[DATA EXTRACT]
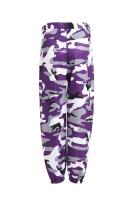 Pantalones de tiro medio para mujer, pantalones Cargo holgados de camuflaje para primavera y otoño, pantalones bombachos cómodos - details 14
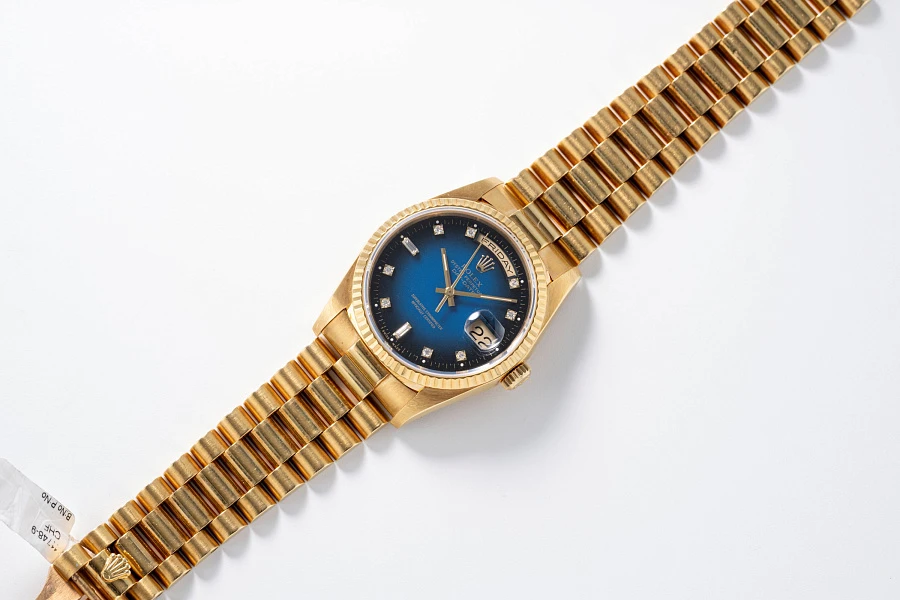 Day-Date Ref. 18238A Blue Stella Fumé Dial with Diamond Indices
...
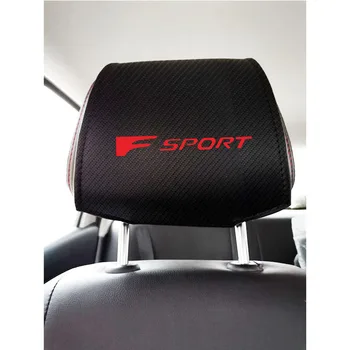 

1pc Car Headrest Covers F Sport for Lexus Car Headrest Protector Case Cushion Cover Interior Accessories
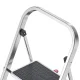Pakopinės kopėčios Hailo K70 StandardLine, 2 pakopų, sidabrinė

[THE PROBLEM] Look above for the line with "Pantalones de tiro" and copy exactly from it through the line with "Day-Date Ref. 18238A", both included. Omit the pictures.

[RESULT BELOW]
 Pantalones de tiro medio para mujer, pantalones Cargo holgados de camuflaje para primavera y otoño, pantalones bombachos cómodos - details 14
 Day-Date Ref. 18238A Blue Stella Fumé Dial with Diamond Indices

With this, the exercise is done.